French diminutive meaning 'little thing,' widely known from Victor Hugo's Les Misérables.
Cosette is one of those rare names whose story is inseparable from literature. It comes from French chosette, often glossed as "little thing," a diminutive with a delicate, almost affectionate domestic quality. Victor Hugo used it as the nickname of Fantine's daughter in Les Misérables, though the girl's formal name in the novel is Euphrasie.
Because of Hugo, Cosette moved from the realm of a pet name into the world of given names, carried not by ancient lineage but by emotional force. Its literary associations are enormous. Cosette begins as a child of hardship and neglect under the Thénardiers and becomes, under Jean Valjean's protection, a figure of innocence, hope, and renewal.

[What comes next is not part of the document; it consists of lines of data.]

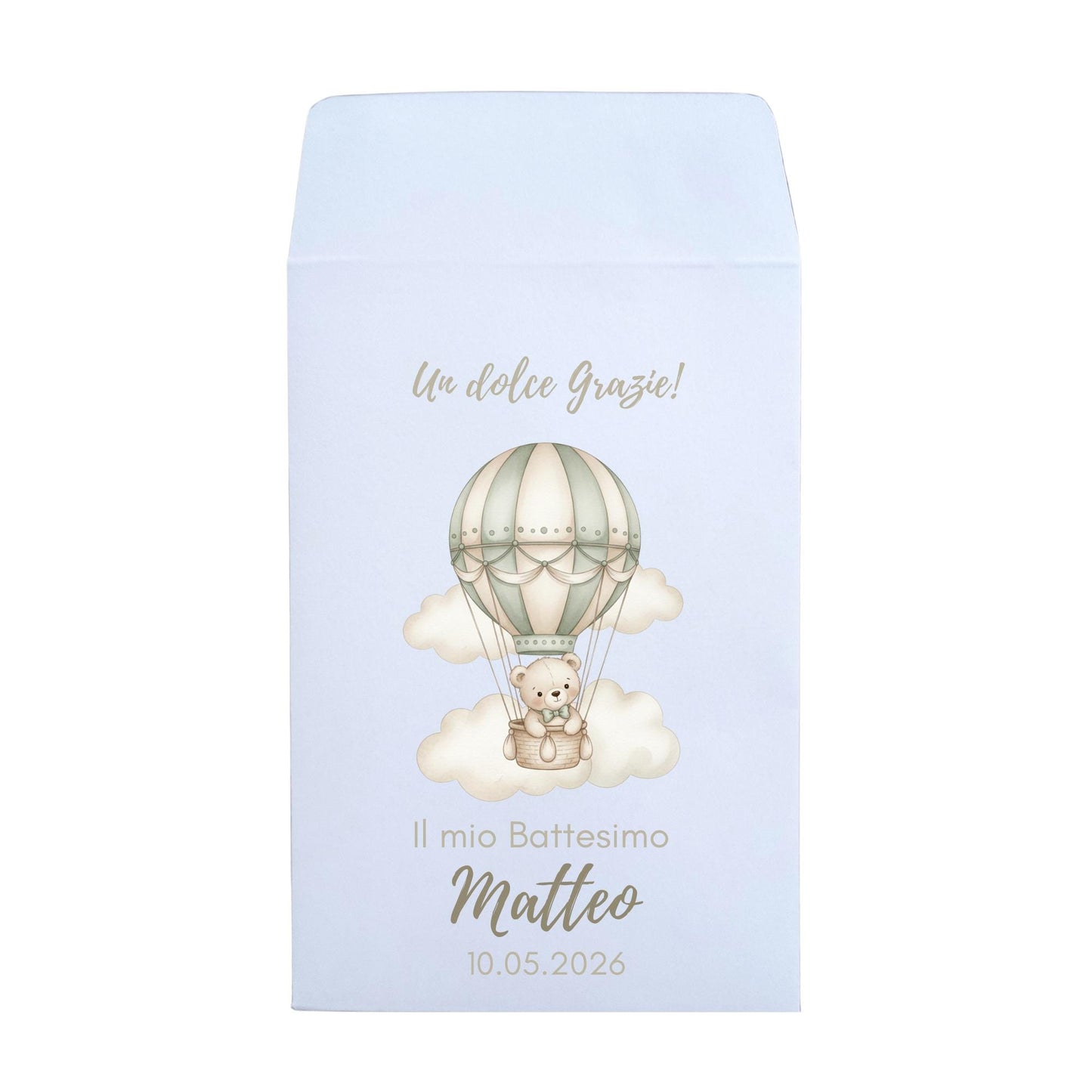 50 Sacchetti in carta per confetti a tema orsetto in mongolfiera. Bustine confettata nascita o battesimo.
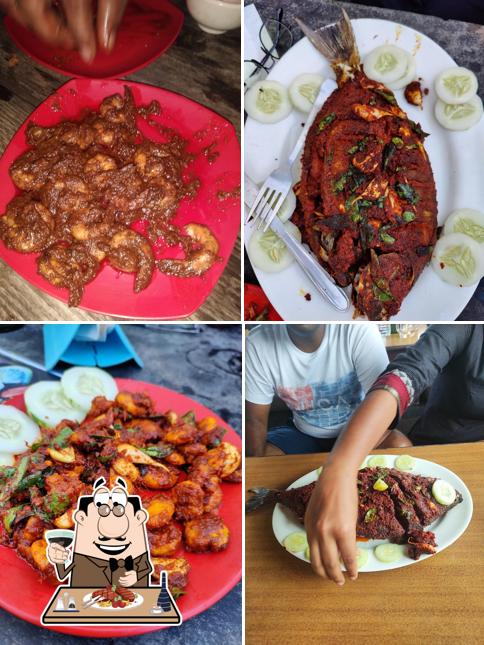 Get meat dishes at Charlie's Den Seafood Beach Restaurant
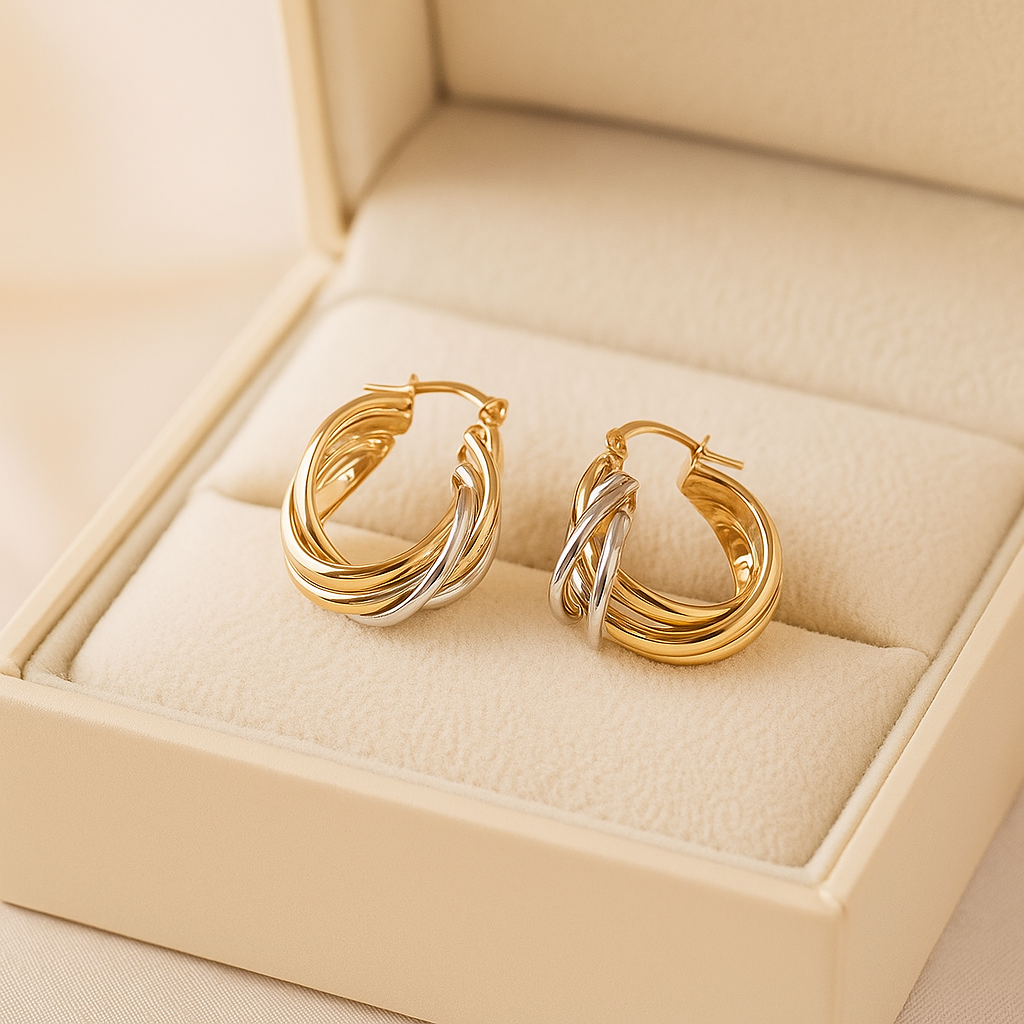 14K Solid Gold Multi Hoop Earrings – Chunky Bicolor Gold and White Gold Hoops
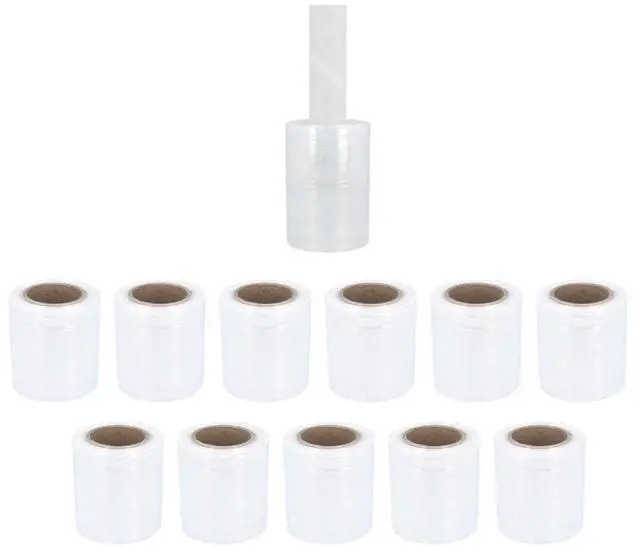 Main image of PSBM Mini Stretch Wrap with Handles 5 Inch x 1000 Ft 70 GA Clear 12 Rolls | Mini Stretch Wrap with Extended Core Handles, Heavy Duty Plastic Film, Industrial Strength Shrink Packaging for Moving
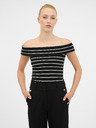 Orsay Черно-бяла дамска тениска с къс ръкав ORSAY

Later adaptations, especially the globally successful stage musical, gave the name even wider reach. For many people, Cosette immediately evokes candlelight, Paris, revolution, and the tender emotional architecture of Hugo's story. In usage, Cosette has remained uncommon, which is part of its charm.
It sounds French, refined, and unmistakably narrative, more like a heroine than a trend. Parents drawn to it are often choosing not just a sound but a mood: romantic, literary, resilient. Unlike many old French names, Cosette did not travel through dynasties or saints; it entered the modern naming world through art. That gives it a special aura, as though it was born already carrying a plot.